A Job For Sorting, Indexing, and Writing a Delta

Next, a component is developed for writing a delta container file from a collection of in-memory writes. WriteSortedEntriesJob takes a Map of recent writes, sort the entries by keys, and then writes a key/value delta file with an index.
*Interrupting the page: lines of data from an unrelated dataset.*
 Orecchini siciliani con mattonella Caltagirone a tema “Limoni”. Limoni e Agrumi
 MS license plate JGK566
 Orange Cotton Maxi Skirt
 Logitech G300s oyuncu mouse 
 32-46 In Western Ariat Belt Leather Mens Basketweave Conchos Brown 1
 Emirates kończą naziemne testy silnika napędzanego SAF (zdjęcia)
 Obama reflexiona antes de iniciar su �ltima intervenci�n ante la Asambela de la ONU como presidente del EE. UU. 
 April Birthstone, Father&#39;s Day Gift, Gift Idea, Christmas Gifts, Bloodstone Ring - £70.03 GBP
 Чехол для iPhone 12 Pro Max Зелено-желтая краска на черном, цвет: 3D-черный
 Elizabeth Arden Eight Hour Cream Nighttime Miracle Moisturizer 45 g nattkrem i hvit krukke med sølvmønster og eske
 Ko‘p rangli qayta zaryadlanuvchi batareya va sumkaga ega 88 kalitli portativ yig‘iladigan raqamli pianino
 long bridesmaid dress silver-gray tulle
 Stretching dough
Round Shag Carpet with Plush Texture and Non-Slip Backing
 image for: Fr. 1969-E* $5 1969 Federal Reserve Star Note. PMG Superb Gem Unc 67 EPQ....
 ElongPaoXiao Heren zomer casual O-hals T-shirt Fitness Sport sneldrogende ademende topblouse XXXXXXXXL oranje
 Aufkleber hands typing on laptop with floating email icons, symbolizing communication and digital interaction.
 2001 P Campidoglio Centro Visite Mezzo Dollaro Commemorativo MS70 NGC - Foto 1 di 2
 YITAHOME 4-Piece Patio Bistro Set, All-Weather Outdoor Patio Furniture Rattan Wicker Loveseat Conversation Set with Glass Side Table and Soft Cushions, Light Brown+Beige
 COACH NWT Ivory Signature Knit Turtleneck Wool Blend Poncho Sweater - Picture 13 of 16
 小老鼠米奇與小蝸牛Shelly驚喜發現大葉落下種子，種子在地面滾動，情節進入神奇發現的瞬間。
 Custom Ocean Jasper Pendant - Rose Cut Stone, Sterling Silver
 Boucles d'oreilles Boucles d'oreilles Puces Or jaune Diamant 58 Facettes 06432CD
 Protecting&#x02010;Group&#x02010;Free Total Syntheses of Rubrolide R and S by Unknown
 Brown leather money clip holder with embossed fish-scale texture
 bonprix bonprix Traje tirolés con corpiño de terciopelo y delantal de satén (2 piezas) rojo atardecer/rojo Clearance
The class extends Runnable so that it can be ran in separate thread and special care is taken to abort the write if an IOException is encountered.

WriteSortedEntriesJob Code

public class WriteSortedEntriesJob<T extends OutputStream> implements Runnable {

  private final String name;
  private final boolean isBase;
  private final int delta;
  private final int indexRate;
  private final Map<ByteArrayWrapper, ByteArrayWrapper> writes;
  private final FileOperations<T> fileOperations;
  private final FileOperations<T> indexFileOperations;
  private final DeltaWriterCoordinator<T> coordinator;

  ...

  @Override public void run() {
    FileOperations.OverWriter<T> overWriter = null, indexOverWriter = null;
    try {
      LOGGER.info(() -> "Sorting " + writes.size() + " writes for " + name);
      var sortedEntries = new ArrayList<>(writes.entrySet());
      sortedEntries.sort(Map.Entry.comparingByKey());

      overWriter = fileOperations.createOverWriter();
      indexOverWriter = indexFileOperations.createOverWriter();

      try (var outputStream = new PositionTrackingStream(overWriter.getOutputStream(), IO_BUFFER_SIZE)) {
        try (var indexWriter = new KeyValueFileWriter(
            new BufferedOutputStream(indexOverWriter.getOutputStream(), IO_BUFFER_SIZE))) {
          var indexBuilder = IndexBuilder.indexBuilder(indexWriter, indexRate);
          try (var writer = new KeyValueFileWriter(outputStream)) {
            for (var entry : sortedEntries) {
              indexBuilder.accept(outputStream.getPosition(), entry.getKey());
              writer.append(entry.getKey(), entry.getValue());
            }
          }
        }
      }
      overWriter.commit();
      indexOverWriter.commit();
      coordinator.commitWrites(this);
    } catch (Exception e) {
      LOGGER.log(Level.SEVERE, e, () -> "error in writing sorted file for " + name);
      if (overWriter != null) {
        overWriter.abort();
      }
      if (indexOverWriter != null) {
        indexOverWriter.abort();
      }
      coordinator.abortWrites(this);
    }
  }
}

Additionally, a DeltaWriterCoordinator class is developed for managing multiple concurrent WriteSortedEntriesJob instances. It limits the maximum number of concurrent writes jobs to a configured limits and also handles the committing of deltas into the BaseDeltaFiles. This includes ensuring that we have an initial base before writing any deltas. Lastly, it provides the method searchForKeyInWritesInProgress to check if a key is contained in any in-progress writes as needed for our LSMTree. As required, this method searches deltas in reverse chronological order so that more recent entries for a key are preferred to later entries.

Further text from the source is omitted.